What works well today in making disciples, leading people to Christ, or serving your community will not always be as effective.
During a financial downturn, it’s tempting to start pumping the brakes on everything or slaying sacred cows. But now’s not the time to let everything fizzle out.
There are three options you need to consider:
Adapt a ministry
Stop a ministry
Start a new ministry
Before you pull a church ministry off of life-support, see if you can adapt the ministry. In other words, can you adapt the ministry’s budget, reallocate funds or cut back on some activity—not all—to keep the ministry alive?
If you’ve assessed the ministry and decided there’s no way to maintain it—even at reduced capacity—then it might be time to stop the ministry.
You may have a good financial reason to stop a ministry in your church, but you still need to move forward with care.
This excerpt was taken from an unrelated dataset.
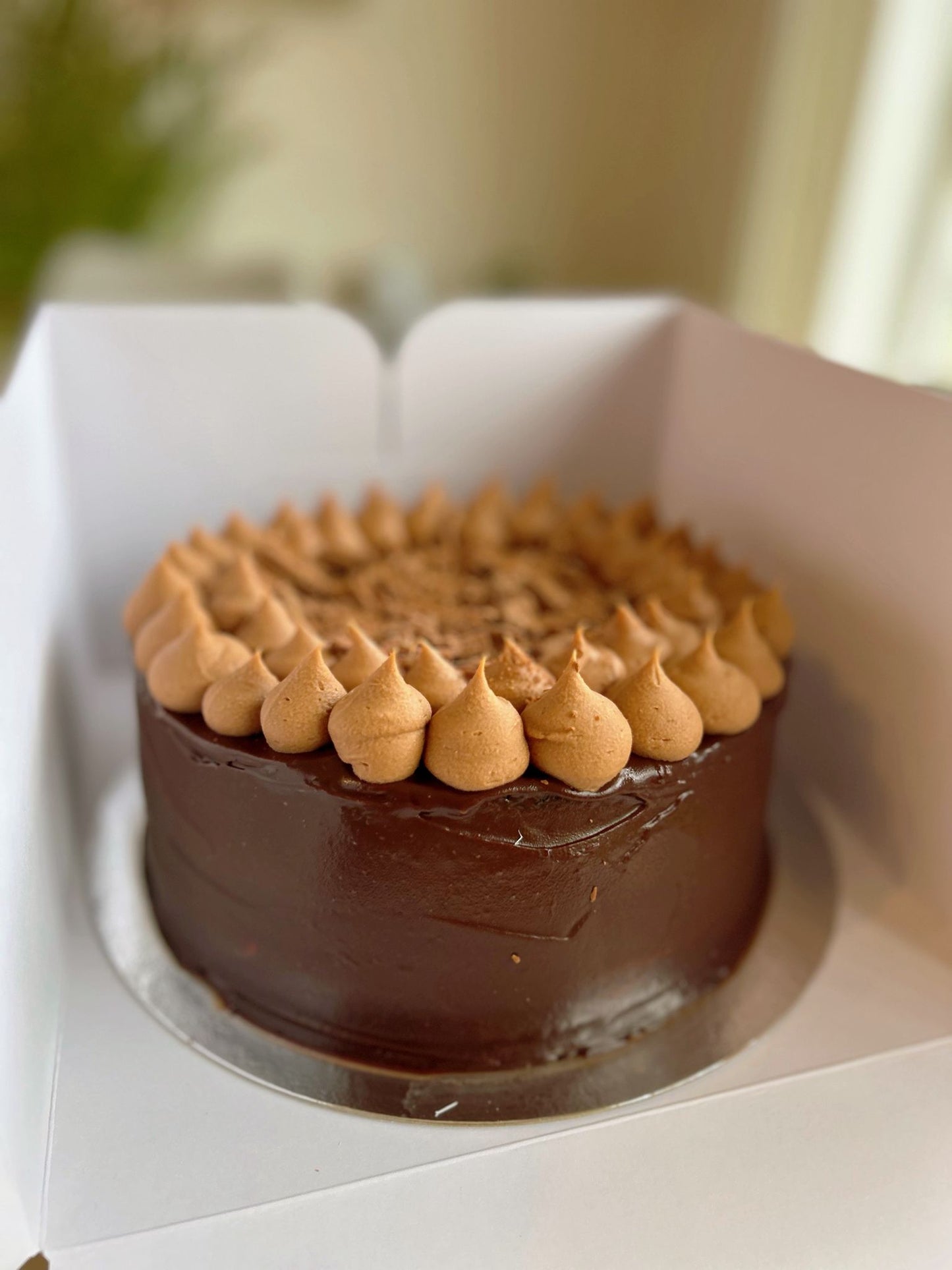 Devil's Cake - Bácús Cafe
Most people don’t like change, and many people may be fond of the ministry you’re about to stop.
If you decide to stop a ministry, here’s a three-step process you can use to handle the situation with care: How to Stop Doing a Ministry.
This might sound crazy, but a financial downturn may be an ideal time to start a new ministry.
You see, when your church is strapped for cash, you’ll be forced to think of creative ways to meet the needs of people, reach out to your community and make disciples. In the business world, this is what’s called guerrilla marketing—promotion with little to no money.
To help you start a new ministry from scratch, here’s a step-by-step plan you can follow to building a new ministry.
Getting your church’s budget in order
So there you have it.
The seven steps to getting your church’s budget back on track when you’re behind:
Take a deep breath
Identify your problem
Get your budget in alignment
Cast a vision
Get outside help
Keep ministry alive
Remember, to get your church’s budget in order, first start with yourself. I know this might sound trite and what you don’t want to hear, but treat this situation as an opportunity to draw closer to Jesus and further the mission of your church.